A grieving Turkish diaspora rallies together.
As they reckon with shocking images on social media and the long wait for news from home, the world’s Turkish diaspora, which includes some 20 million people, has rallied to provide support to one another and send aid to their family members far away.
In Melbourne, Australia, where the Turkish-Australian community exceeds an estimated 300,000 people, dozens of volunteers in the parking lot behind a halal butcher shop packed three shipping containers with cardboard boxes full of new tents, blankets and sleeping bags. The supplies will be flown to Turkey on Thursday morning, and they are expected to arrive at quake-damaged areas within days.
“Everyone here has someone they know out there that’s been affected,” said Kasiye Kuru, one of the organizers of the effort, as her daughter rubbed sunscreen onto her cheeks. A friend who had left Australia to move to Gaziantep, Turkey, close to the epicenter of the quake, had lost her home, she said. “She built that home with so much love and care, but what do you do? She’s alive.”
“There’s been a lot of emotions happening here,” said Bea Tercan, one of the organizers of the equipment drive. “A lot of people crying, a lot of people are feeling the pain, not getting through to their loved ones, which has been devastating. It’s the worst not to be able to hear someone’s voice and not know where they are, whether they’re stuck, whether they’re alive, whether they’re just screaming for help.”

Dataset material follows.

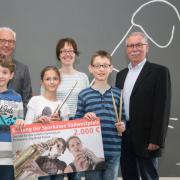 Spende der Sparkasse 5/16 Foto: M. Fuhser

Volunteers secured boxes with tape and packed them full of supplies as children in school uniforms watched.
As a Turkish flag fluttered from one of the shipping containers, people shared accounts of relatives and friends displaced by the quakes and discussed images they had seen on social media and news accounts of the disaster.
“I cried all the way here,” said Kamil Kolay, who had donated 60 new tents and who described seeing footage of a child who had been pulled from the rubble. “He was two months old — it just killed me.”
One man said he was from the city of Kirikhan, Turkey, in Hatay Province, and that he had lost several family members, including a cousin, whose wife and child had also died.
It came as little surprise that the community had been able to come together in such a way, Ms. Tercan said.
“We did this for the bush fires in Australia back in 2019. We got the community together, and we’ve done it again,” she added. “The Turkish community know how to get together when there’s a crisis.”
For Ms. Tercan, seeing footage of people struggling amid the wreckage brought back vivid memories of her experiences as a survivor of the 1999 earthquake in Izmit, Turkey, in which more than 17,000 people died.
“I know what they are living through,” she said. “It’s not something that people expect. You can never imagine it until you live it, and I pray no one lives it.”